Second, Clean Line is actively seeking to obtain the right of eminent domain through the Department of Energy (by way of the Southwestern Power Administration). Yes, they like to call it “federal siting authority”. No, that doesn’t change what it is. Are these two things simple coincidence? I’ll let you decide. But more importantly, why do they matter?

Well, for one thing, Clean Line is a transmission company, not a traditional public utility. Oh, maybe it’s half of one in Oklahoma, but let’s be clear: For all their “rejected without prejudice/the state law wasn’t designed for a project as innovative as ours” talk, Clean Line failed to meet the definition of a public utility in Arkansas. Of course now they’re throwing us a bone by way of a possible converter station somewhere, maybe, between Russellville and Conway… Perhaps to boost their chances for a second go at the Arkansas Public Service Commission? In the meantime, however, they appear to have opted to circumvent state law entirely and have petitioned the Department of Energy for eminent domain authority using section 1222 of the 2005 Energy Act.

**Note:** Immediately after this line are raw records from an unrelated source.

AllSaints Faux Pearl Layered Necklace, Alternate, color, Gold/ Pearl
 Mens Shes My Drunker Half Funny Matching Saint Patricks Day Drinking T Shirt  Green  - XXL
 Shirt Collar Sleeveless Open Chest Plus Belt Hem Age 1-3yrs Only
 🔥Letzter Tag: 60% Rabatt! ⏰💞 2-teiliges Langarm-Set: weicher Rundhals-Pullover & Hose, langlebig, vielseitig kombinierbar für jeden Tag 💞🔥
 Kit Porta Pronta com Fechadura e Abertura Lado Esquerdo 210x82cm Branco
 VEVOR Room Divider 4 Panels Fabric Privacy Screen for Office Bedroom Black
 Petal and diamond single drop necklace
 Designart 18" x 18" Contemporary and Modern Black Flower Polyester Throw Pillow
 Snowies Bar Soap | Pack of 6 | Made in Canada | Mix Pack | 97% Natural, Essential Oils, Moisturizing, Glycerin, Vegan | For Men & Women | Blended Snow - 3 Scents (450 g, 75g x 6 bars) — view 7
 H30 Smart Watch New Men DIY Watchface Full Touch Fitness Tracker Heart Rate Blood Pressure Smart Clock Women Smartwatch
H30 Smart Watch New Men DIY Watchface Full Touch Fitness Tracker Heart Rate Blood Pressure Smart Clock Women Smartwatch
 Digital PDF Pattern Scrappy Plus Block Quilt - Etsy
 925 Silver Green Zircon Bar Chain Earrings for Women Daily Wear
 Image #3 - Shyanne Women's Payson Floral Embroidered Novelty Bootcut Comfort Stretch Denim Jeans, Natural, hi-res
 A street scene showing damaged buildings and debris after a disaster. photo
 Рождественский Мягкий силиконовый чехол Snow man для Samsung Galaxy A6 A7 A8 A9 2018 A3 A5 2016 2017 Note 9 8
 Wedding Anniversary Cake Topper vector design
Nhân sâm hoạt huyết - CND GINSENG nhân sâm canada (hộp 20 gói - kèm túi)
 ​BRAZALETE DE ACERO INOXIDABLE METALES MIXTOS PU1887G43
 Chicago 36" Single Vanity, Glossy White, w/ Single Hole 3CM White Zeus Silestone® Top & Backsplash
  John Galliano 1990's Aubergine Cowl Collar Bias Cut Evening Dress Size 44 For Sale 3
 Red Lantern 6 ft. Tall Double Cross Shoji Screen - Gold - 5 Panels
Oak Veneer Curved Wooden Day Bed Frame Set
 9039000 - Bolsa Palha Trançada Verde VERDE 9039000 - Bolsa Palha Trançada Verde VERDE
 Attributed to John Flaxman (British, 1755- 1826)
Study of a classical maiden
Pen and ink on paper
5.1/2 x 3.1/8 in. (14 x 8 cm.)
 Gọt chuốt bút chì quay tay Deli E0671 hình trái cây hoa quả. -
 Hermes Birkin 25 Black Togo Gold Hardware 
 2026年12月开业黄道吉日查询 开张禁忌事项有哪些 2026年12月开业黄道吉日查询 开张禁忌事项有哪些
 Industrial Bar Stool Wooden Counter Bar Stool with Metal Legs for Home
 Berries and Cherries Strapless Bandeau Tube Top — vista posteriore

You can link to the act here: http://energy.gov/oe/services/electricity-policy-coordination-and-implementation/transmission-planning/section-1222

Or read this: http://stoppathwv.com/1/post/2013/04/us-dept-of-energy-misuses-eminent-domain-authority-for-clean-lines-private-land-grab.html

So why go for the feds? Why not just build P&E as a merchant transmission project? It’s the eminent domain, silly:

DOE and Southwestern understand and agree that their ability to acquire through condemnation proceedings property necessary for the development, construction and operation of the Project is one of the primary reasons for Clean Line’s interest in developing the Project with DOE and Southwestern and through the use of EPAct 2005 section 1222. DOE and Southwestern agree that, if the Secretary of Energy ultimately decides upon the conclusion of such evaluation as DOE and Southwestern deem appropriate that (i) the Project complies with section 1222, and (ii) to participate in the Project’s development pursuant to section 1222, then, DOE and Southwestern will use their condemnation authority as may be necessary and appropriate for the timely, cost-effective and commercially reasonable development, construction and operation of the Project.

(http://www.plainsandeasterncleanline.com/sites/plains_eastern/media/Plains_and_Eastern_Clean_Line_August_2011_1222_update.pdf page 53)

And there it is, right there in the last sentence: “Cost-effective and commercially reasonable development” Ding! Ding! Ding!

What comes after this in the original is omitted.